*** Begin section ***

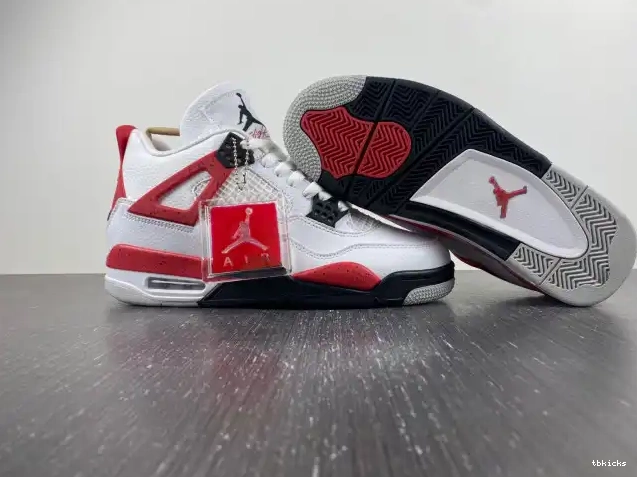 Cheap TB Red DH6927-161 Cement Jordan 4 Air 0208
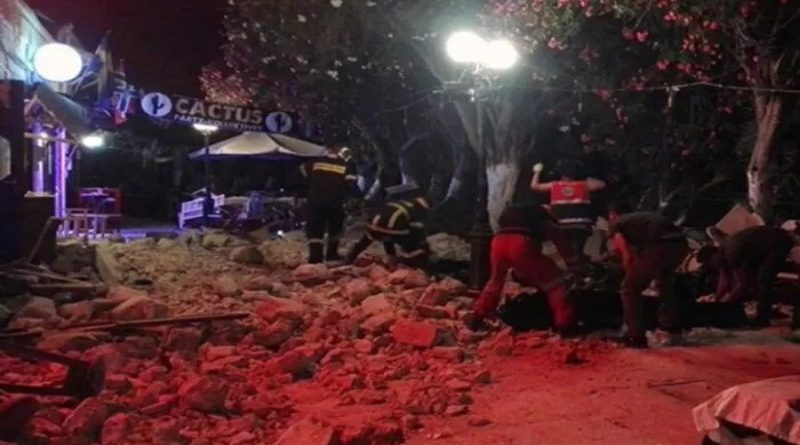 Британцы оказались в эпицентре землетрясения в Греции (фото, видео) 21072017 В мире: Британцы оказались в эпицентре землетрясения в Греции (фото, видео)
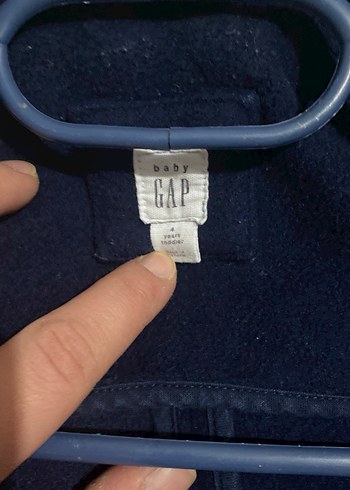 Düğmeli Lacivert Erkek Çocuk Kaban gap - Görsel 3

*** End section ***

_WHAT THE TASK REQUIRES_
Retype each line of the listing above word for word. Exclude the pictures.

_RESPONSE BOX_
 Cheap TB Red DH6927-161 Cement Jordan 4 Air 0208
 Британцы оказались в эпицентре землетрясения в Греции (фото, видео) 21072017 В мире: Британцы оказались в эпицентре землетрясения в Греции (фото, видео)
 Düğmeli Lacivert Erkek Çocuk Kaban gap - Görsel 3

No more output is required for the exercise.